Now an Israeli company, Brainsway, has developed a new non-invasive deep Transcranial Magnetic Stimulation (TMS) treatment that it claims can effectively treat depression without any of the negative side effects of drugs or ECT. The treatment, which Brainsway’s founders believe could revolutionize the whole psychiatric care market, does not require anesthetic. Instead, users describe the experience as a gentle shaking or tickling of the scalp. “A bit like a massage,” Dr. Abraham Zangen, one of the inventors of the device, told ISRAEL21c.

TMS is still a relatively experimental area of medicine that is primarily being used for research purposes and clinical trials only. Though widely recognized as a potential treatment for a number of mental disorders including depression, the problem until now has been that existing TMS devices can only penetrate about half an inch beneath the surface of the cortex. This is deep enough to treat some disorders like migraine (a new TMS device to treat migraines is now being tested in the US,) but not deep enough to treat more difficult mental health conditions.

Brainsway’s founders, however, have invented a new TMS coil configuration that has been designed to generate sufficient magnetic field strength to stimulate neurons which are located 5 to 6 cm. inside the brain mass without posing a hazard. This, according to Zangen, means the device can potentially be used to treat a wide range of mental illnesses including depression, Alzheimers, Parkinson’s disease, addiction, stroke, drug abuse, Post Traumatic Stress Disorder (PTSD), and schizophrenia.
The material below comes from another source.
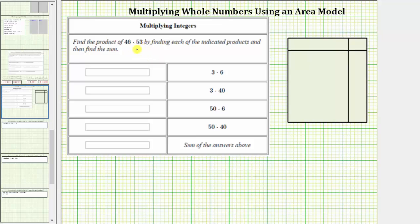We are asked to find the product of 46 and 53 by finding each of the indicated products, then find the sum. To better understand why we would use the sum of these products to determine the product of 46 and 53, we will be using an area model.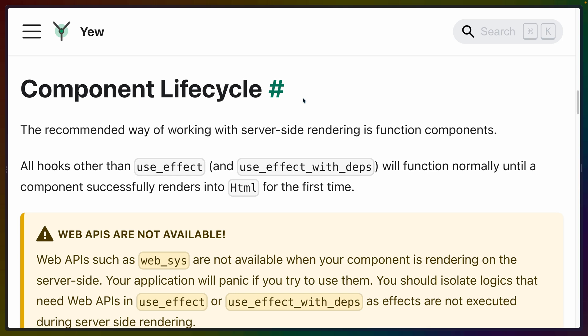There are a number of notes and topics to go over, one of which is the component lifecycle. Throughout this entire document, they highly recommend using function components for everything if you're going to use server-side rendering. This means that in previous videos where I personally chose to use struct components, I would need to convert those to function components to avoid a number of issues. I wonder if struct components are being phased out or just left as a fallback for specific use cases.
The magnetic coil, which is placed on specific areas of the patient’s scalp, sends strong directed magnetic pulses through the brain to stimulate the Nucleus Accumbens (the part of the brain responsible for positive stimuli) and the neurons connected to it. “By repeated artificial stimulation of electrical activity created by the coil, we boost the sensitivity of these circuits so they will work more efficiently,” says Dr. Hilik Lewkovitch, at Brainsway.

The result is that the next time natural stimulation occurs, such as something pleasant that the brain responds to, the patient will respond more strongly, enjoy it more, and seek to repeat the experience. By intensifying sensitivity this causes the patient to respond normally to the environment.

What makes the device so unique in terms of treatment is that unlike ECT or drugs, it stimulates a specific area within the brain, rather than the whole brain or body. This is a well-known problem for drug therapies used to treat depression. Both ECT and drug treatments affect the entire body, even though the intention is to only stimulate certain locations deep within the brain which are thought to be the active agents for depression and other psychiatric illnesses.

Uzi Sofer, Brainsway’s CEO, believes the company’s device could become the first line of treatment for depression, a replacement not only for ECT, but also for anti-depressants themselves. “It may become the safe and effective treatment for a person’s first depressive episode,” he predicts.

Brainsway has undertaken successful animal trials at the Weizmann Institute of Science, where the device was tested as a treatment for depression, addiction, and PTSD. “These were a great success,” says Lewkovitch. From June to November last year, the company held its first clinical trials to test the safety of the treatment. Thirty-five people took part in the study that was held at the School of Medicine at Tel Aviv University. “We found that not only was the device safe with no obvious side effects, but that even healthy patients who did not suffer from depression reported an improvement in positive feeling and some cognitive improvement,” says Lewkovitch. “This was very good and encouraging news.”

The company is now preparing to begin a multi-center clinical trial this month in three or four locations around the world. This will test the efficacy of the treatment, specifically related to emotional and cognitive improvements. The trial, which should take between seven to eight months, is for moderate to severely depressed patients who have not responded to medication.